Find the lines of the data below that include "Juice". Report their number only.

BEGIN DATA SECTION

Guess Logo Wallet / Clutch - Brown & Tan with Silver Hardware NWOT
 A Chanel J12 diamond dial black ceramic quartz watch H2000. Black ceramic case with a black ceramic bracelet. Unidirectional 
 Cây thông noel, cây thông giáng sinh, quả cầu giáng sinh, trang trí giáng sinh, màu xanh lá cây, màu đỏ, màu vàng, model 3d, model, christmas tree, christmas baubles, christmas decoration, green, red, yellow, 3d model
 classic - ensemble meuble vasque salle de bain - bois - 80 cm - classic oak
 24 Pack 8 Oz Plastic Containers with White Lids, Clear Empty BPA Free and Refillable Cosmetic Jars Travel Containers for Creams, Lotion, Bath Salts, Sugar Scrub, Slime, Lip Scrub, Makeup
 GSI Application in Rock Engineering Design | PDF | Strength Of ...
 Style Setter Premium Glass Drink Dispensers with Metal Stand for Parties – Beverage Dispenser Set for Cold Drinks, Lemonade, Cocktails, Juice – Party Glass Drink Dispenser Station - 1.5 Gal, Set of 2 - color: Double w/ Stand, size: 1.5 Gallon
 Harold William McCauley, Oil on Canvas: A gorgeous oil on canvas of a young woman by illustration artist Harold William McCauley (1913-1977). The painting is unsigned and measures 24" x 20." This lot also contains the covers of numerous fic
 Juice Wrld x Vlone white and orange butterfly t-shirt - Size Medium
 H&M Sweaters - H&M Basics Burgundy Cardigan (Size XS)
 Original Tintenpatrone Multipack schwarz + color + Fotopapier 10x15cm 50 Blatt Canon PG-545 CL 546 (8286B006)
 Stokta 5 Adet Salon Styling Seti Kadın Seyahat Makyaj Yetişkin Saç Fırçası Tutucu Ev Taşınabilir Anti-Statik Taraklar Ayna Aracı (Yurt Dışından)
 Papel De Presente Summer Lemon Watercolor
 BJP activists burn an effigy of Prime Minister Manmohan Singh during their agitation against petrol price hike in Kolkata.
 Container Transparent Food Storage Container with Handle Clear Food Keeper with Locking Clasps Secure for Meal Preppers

END DATA SECTION

## ANSWER BOX:
2